Director of Outreach

Driven from my own personal experience, I have found purpose in what I do in the Behavioral Health field. I started working in the industry over ten years ago as a driver and a tech. I have worked multiple roles and understand the complexities of all levels of care and positions. I continued my education and completed my Alcohol and Drug Counseling Certification from Saddleback College and received my bachelor’s degree in Community Advocacy and Social Policy from Arizona State University last May. I am currently the Director of Outreach at Hillside Horizon for Teens. From answering questions about the program to connecting families with resources, I enjoy being apart of our clients journey to healing!

Dr. Arlene Waldron

Clinical Director PsyD, LMFT

Dr. Arlene Waldron is a licensed Marriage and Family Therapist (LMFT) and our Clinical Director with over fifteen years of experience serving adolescents, children, and families.
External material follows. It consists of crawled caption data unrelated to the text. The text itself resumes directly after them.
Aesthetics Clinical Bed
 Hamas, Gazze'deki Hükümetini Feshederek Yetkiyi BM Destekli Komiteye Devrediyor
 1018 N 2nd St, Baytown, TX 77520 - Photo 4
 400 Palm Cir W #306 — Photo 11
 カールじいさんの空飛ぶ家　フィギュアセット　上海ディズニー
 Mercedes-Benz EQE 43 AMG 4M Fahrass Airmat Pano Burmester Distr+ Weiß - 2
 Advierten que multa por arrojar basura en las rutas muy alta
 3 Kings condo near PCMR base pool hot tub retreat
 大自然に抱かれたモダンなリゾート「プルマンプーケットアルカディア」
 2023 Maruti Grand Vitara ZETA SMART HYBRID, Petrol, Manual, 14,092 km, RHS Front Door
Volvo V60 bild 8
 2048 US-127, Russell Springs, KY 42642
She holds a Doctor of Psychology (PsyD) and has led residential, school-based, and community mental health programs with a strong focus on quality care and program development. Dr. Waldron works closely with multidisciplinary teams and community partners to deliver trauma-informed, effective services. A fluent Spanish speaker and motivational leader, Dr. Waldron is deeply committed to the growth and well-being of individuals and families. She believes strong programs create meaningful change and leads Hillside Horizon’s Clinical program with a focus on excellence, accountability, and compassionate care.